A new entry in the field of retrosynthesis prediction: Chinese conglomerate (60k employees) Tencent has put a paper out on ChemRxiv through its Tencent AI Lab in Washington (Chaochao Yan et al. DOI).
Traditionally retrosynthesis is the domain of very experienced organic chemists who deconstruct a target molecule by breaking it up in so-called synthons (fragments if you like), the synthons are again deconstructed until a synthon can be matched with an available chemical compound. A practical laboratory route to a desired chemical compound has now revealed itself. Many computational strategies have evolved over the years (see example CASP here). The Tencent AI lab has now rolled out RetroXpert (Retrosynthesis eXpert) which sticks close to the traditional approach ("prediction like a chemist"). It too has two parts, predicting a reaction center in a target molecule (the relevant bonds in a fragmentation step) with the so-called Edge-enhanced Graph Attention Network (EGAT) by artificial intelligence and prediction the potential reagents in the Reactant Generation Network (RGN).

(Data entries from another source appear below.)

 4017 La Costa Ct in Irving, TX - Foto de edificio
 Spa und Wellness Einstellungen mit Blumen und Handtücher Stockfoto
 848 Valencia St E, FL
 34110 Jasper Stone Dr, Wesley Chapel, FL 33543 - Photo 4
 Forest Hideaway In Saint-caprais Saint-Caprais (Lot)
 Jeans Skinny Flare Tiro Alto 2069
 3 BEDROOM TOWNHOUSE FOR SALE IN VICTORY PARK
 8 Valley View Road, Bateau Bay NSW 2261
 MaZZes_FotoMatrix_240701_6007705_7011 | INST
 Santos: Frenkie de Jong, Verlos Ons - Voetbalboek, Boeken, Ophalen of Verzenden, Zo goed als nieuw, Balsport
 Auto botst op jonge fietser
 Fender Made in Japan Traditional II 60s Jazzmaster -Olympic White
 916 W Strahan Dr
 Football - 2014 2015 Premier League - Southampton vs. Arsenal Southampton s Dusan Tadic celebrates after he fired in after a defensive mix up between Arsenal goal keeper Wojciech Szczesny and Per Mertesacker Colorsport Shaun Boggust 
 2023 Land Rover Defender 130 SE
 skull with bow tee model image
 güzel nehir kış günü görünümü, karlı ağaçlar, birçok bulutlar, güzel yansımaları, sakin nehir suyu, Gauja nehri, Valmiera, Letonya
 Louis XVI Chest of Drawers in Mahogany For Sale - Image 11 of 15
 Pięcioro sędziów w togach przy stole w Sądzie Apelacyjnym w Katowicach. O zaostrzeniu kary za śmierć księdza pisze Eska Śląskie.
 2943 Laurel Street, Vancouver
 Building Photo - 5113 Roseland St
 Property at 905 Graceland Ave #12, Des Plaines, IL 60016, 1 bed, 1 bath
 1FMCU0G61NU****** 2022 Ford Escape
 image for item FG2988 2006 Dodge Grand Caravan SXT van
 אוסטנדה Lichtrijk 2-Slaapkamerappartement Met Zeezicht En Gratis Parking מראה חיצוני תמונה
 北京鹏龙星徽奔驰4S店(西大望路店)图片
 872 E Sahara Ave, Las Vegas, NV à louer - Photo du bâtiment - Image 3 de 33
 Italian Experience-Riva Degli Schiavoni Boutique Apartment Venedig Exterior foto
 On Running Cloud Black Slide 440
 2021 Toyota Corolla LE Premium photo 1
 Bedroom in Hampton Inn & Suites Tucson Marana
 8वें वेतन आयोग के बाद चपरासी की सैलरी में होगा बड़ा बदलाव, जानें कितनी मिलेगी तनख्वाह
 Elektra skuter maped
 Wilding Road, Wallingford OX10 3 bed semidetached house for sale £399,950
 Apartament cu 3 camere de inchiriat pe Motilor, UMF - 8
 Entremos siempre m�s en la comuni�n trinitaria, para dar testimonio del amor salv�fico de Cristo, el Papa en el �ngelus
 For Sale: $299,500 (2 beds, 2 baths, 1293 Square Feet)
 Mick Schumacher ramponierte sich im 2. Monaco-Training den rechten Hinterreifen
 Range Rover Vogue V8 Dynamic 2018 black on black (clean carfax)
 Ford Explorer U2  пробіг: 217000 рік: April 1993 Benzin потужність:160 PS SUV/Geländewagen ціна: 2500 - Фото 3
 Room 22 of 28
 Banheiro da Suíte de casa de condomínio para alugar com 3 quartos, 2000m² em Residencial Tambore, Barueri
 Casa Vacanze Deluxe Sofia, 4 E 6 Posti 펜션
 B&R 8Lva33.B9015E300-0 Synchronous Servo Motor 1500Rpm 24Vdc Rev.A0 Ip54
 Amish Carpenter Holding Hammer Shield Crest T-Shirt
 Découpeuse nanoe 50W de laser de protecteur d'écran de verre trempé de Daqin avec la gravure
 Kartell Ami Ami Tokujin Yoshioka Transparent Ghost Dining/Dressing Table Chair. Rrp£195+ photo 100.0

The training set was based on the USPTO-50K dataset which is a collection of 50k chemical reactions extracted from US patents with each record a SMILES reactant and product. The new methodology has a reported 70% success rate. The discussion mentions that if there is more than one way to synthesize a product it is not possible to evaluate the best route. In my view the missing metric is reaction yield (or even reactants costs). The USPTO dataset doesn't do yields. The article references another research group who published very similar research in January of this year (DOI) but with a lower success rate. The list of affiliated research institutions for the authors of this article is again not typical for a regular chemistry article as it contains Google Brain and fintech company Ant Financial.